**Instructions to follow:** Drop all images and give the records again exactly.

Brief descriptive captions
"""

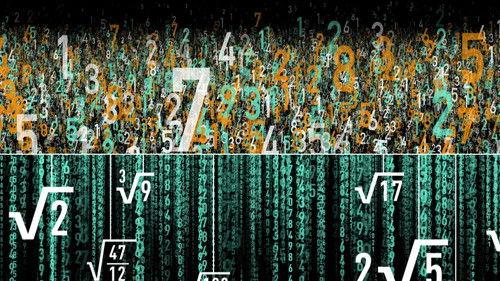 Journey into Maths Country Season 1 Episode 8 - Irrationality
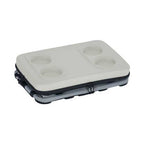 HIELERA COLAPSABLE KALET SIN 499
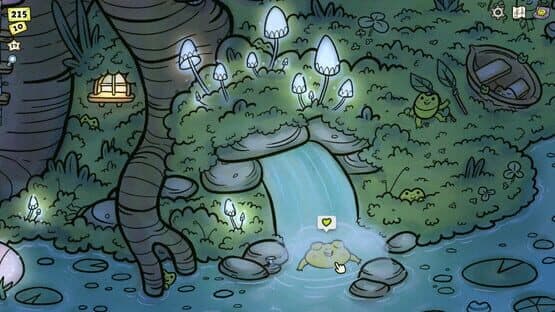 Find My Frogs — screenshot 3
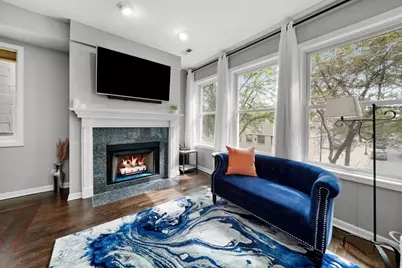 922 N Wood Street #2, Chicago, IL 60622 - Photo 3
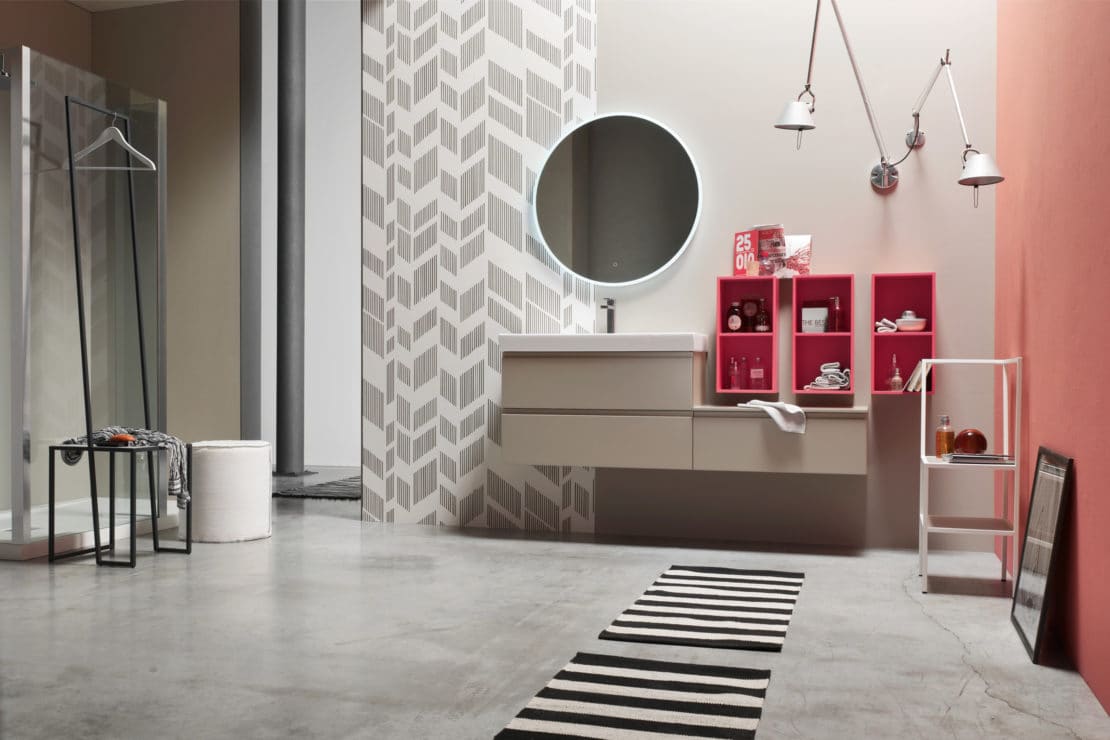 Комплект мебели 03 Arcom Soul STARC208 - Вид №10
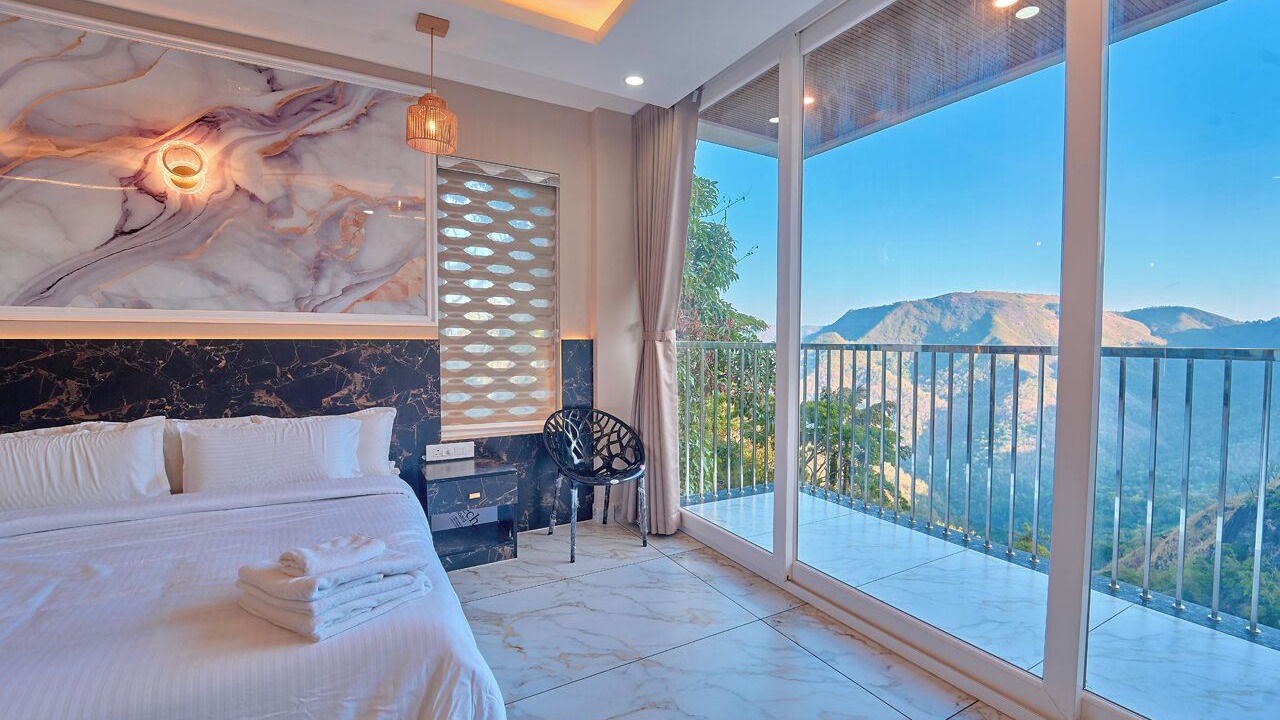 Photo of Bedroom in Elappara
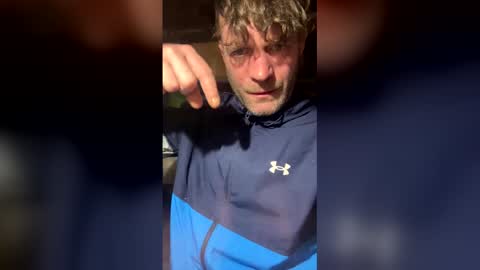 redvers1 online show from April 7, 9:17 pm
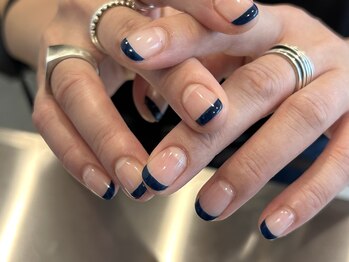 ミュート 三軒茶屋店(mute.)/french by ruina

"""

**Task answer:**
 Journey into Maths Country Season 1 Episode 8 - Irrationality
 HIELERA COLAPSABLE KALET SIN 499
 Find My Frogs — screenshot 3
 922 N Wood Street #2, Chicago, IL 60622 - Photo 3
 Комплект мебели 03 Arcom Soul STARC208 - Вид №10
 Photo of Bedroom in Elappara
 redvers1 online show from April 7, 9:17 pm
 ミュート 三軒茶屋店(mute.)/french by ruina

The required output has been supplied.